Manteca High’s new gym will definitely not be your great-grandfather’s gym.

The Buffalo’s first gym completed in 1922 was the proverbial cat’s meow at the time. The “gym” was on top of the stage in the new auditorium that could seat 550 people “in handsome comfortable opera chairs”. The stage — 76 feet in length — included a net to avoid basketballs from flying into the seats and prevent “human beings falling into the orchestra pit.” Despite the net, people did end up falling into the orchestra pit prompting it to be removed.

The new gym — expected to break ground at the start of Manteca’s centennial year next fall — will seat four times as many people as that first gym. 

The gym being built where the swimming pool was removed this past summer will seat 2,161 people — almost triple the 700 that the Winter Gym can now accommodate. It will allow Manteca High to hold the entire ultimate student body enrollment of the campus that is being modernized to accommodate. Currently Manteca High has to have a “wave” of three assemblies instead of one for school-wide assemblies for its 1,600 students.

The new gym will consist of concrete masonry block construction similar to the Measure G school bond project that placed a multipurpose building at nearby Lincoln School.

Perhaps the most unique aspect of the new gym is the open feel created by a glass wall between the lobby and the gym. This will not only allow for more natural light but it will significantly increase security and safety as on duty administrators during events will be able to see more areas.

That design feature was one of many incorporated into the Manteca High redesign that were gleaned from numerous meetings with faculty, the community, and students.

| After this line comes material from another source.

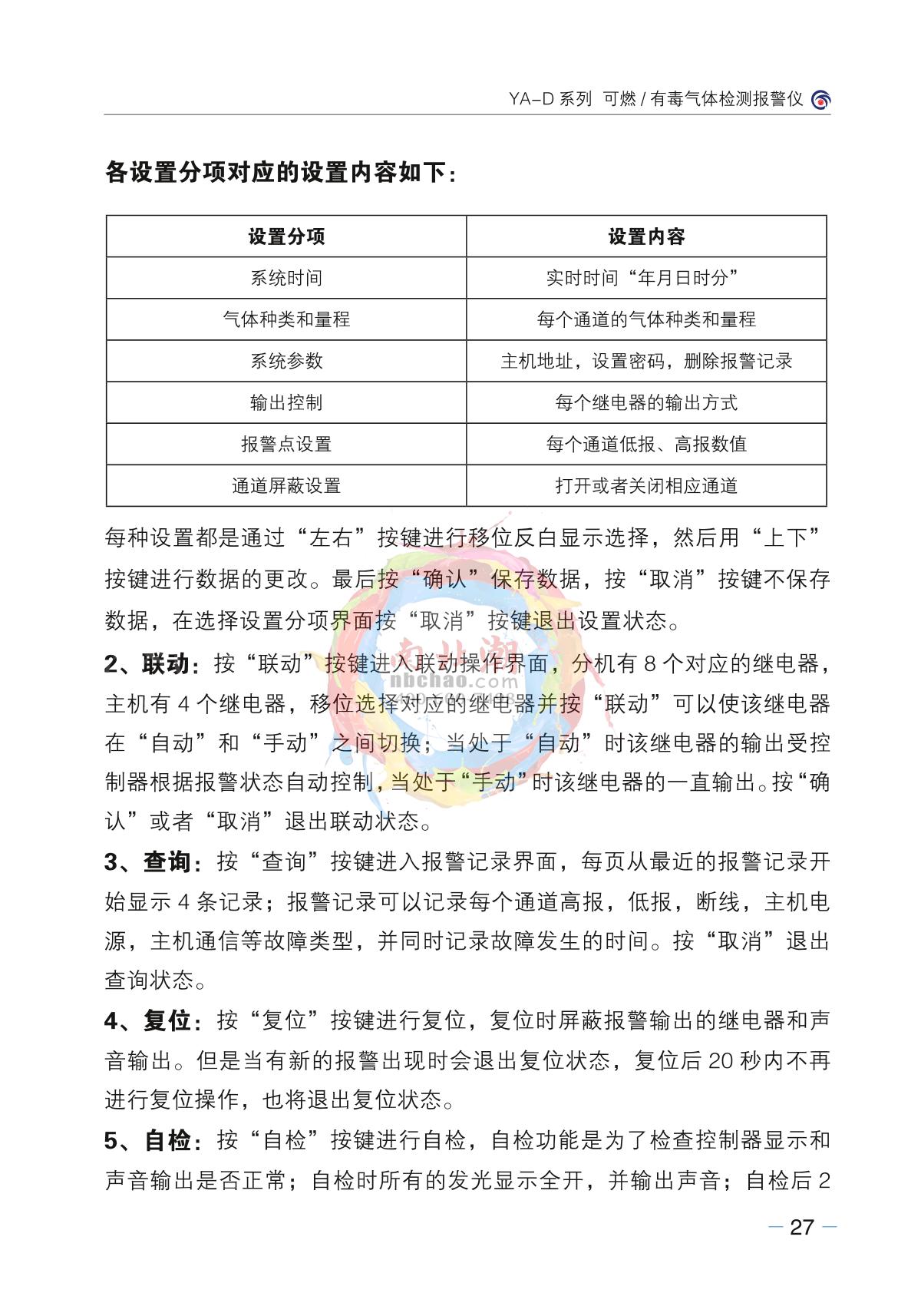 Junshun YA-D200-VOC (display + sound and light) Stationary Toxic Gas DetectorManual page 24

At the same time fans lingering in the lobby will be able to watch games while they are either in line at the snack bar or simply milling in the lobby.

The lobby area will also have a ticket booth, snack bar and restrooms. The gym will include restrooms as well.

The gym will have the latest LED lighting and will at least be wired — if not having actual solar power panels in place — when the gym is built.

“It is part of our overall effort to be cost efficient,” Superintendent Clark Burke said of facility designs aimed at reducing operational costs and future maintenance expenses.

The front entrance will face to the east where Garfield Avenue now runs. The southern part of Garfield Avenue will eventually lead into a roundabout to serve as a drop-off point. The entrance to the new swimming pool will be adjacent to the new gym.

One of the existing locker rooms at the Winter Gym will be updated. The other locker room will be converted to an aerobics room. The current woodshop will be remodeled into a weight room.

The existing small gym will not be demolished until the new gym is completed.

If the state Department of Architecture is able to process the plans in five to six months after the school district submits them and groundbreaking starts by the fall of 2020, there will then be a 12 to 14 month construction period. That means today’s freshmen class could be able to use the new gym their junior year.

Once the current small gym is eliminated work will start on the new swimming pool that will have 30 meters for competitive swimming as well as an area for students to learn to swim.

Work on the initial phase — the creation of the first part of a “pedestrian promenade” from the football stadium to where the new gym is being built — will be completed later this month. The project also involves the relocation of the softball field next to the football stadium adjacent to the baseball fields with the outfields almost touching each other.

The $42 million project includes bond funds for modernization and safety upgrades as well as development fees and residual redevelopment agency money for improvements needed to accommodate growth.